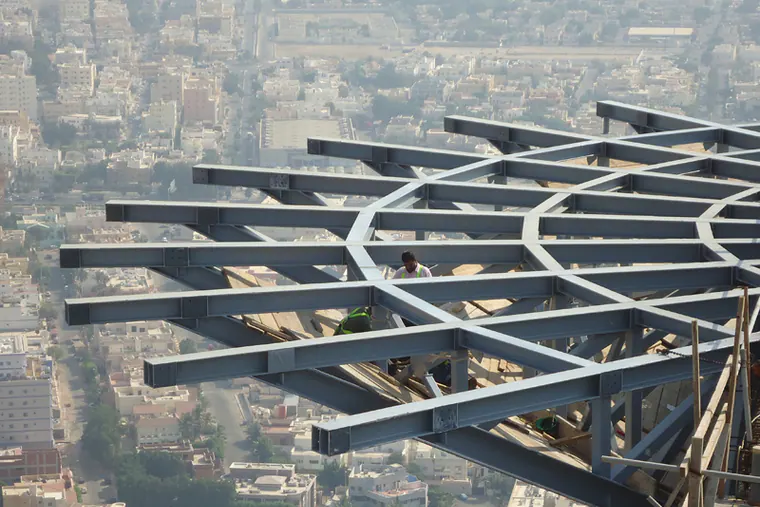 Radial steel frame with workers, high above a city
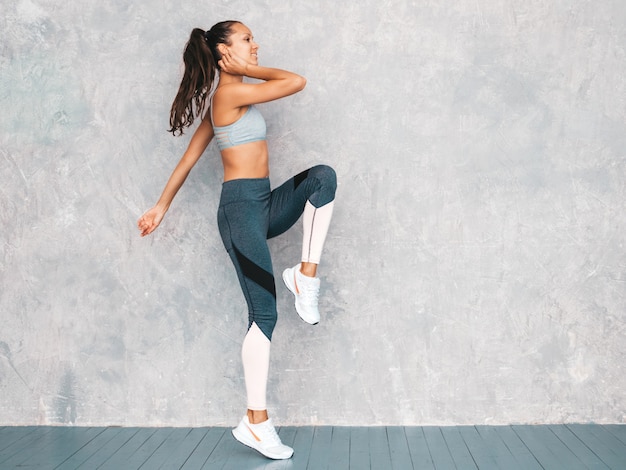 Female running in studio near gray wall Free Photo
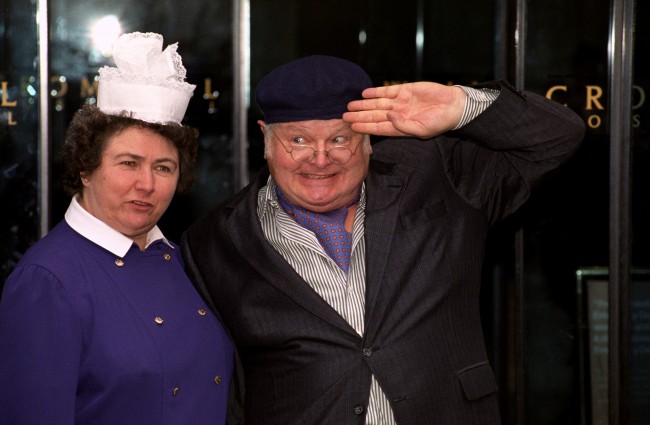 Benny Hill plays his Fred Scuttle character on leaving the Cromwell Hospital in London, 1992. Just 3 months before he died. JOHN STILLWELL/PA Archive/Press Association Images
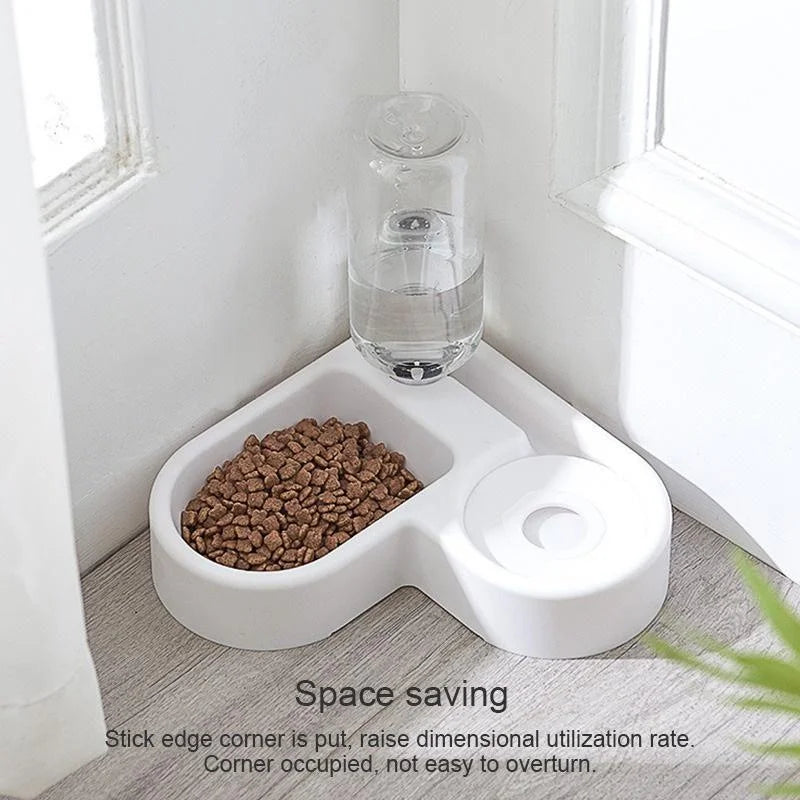 White pet feeder with a bowl of food and a water bottle on a wooden floor.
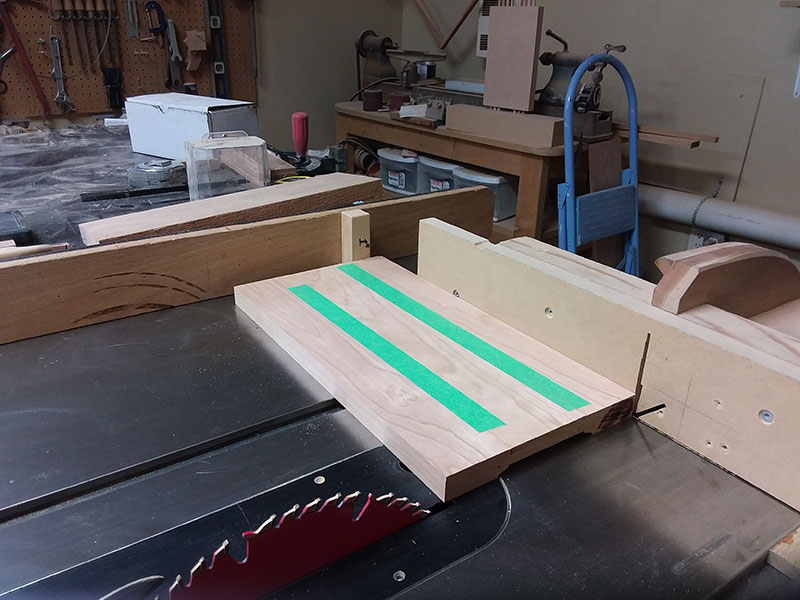 photo of painters tape laid along joint seams of rails and center panel used to build the bedside table frame side sections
********
▶ WHAT NEEDS TO BE DONE
Return an exact copy of the data above, apart from any pictures.

▶ WRITTEN REPLY
 Radial steel frame with workers, high above a city
 Female running in studio near gray wall Free Photo
 Benny Hill plays his Fred Scuttle character on leaving the Cromwell Hospital in London, 1992. Just 3 months before he died. JOHN STILLWELL/PA Archive/Press Association Images
 White pet feeder with a bowl of food and a water bottle on a wooden floor.
 photo of painters tape laid along joint seams of rails and center panel used to build the bedside table frame side sections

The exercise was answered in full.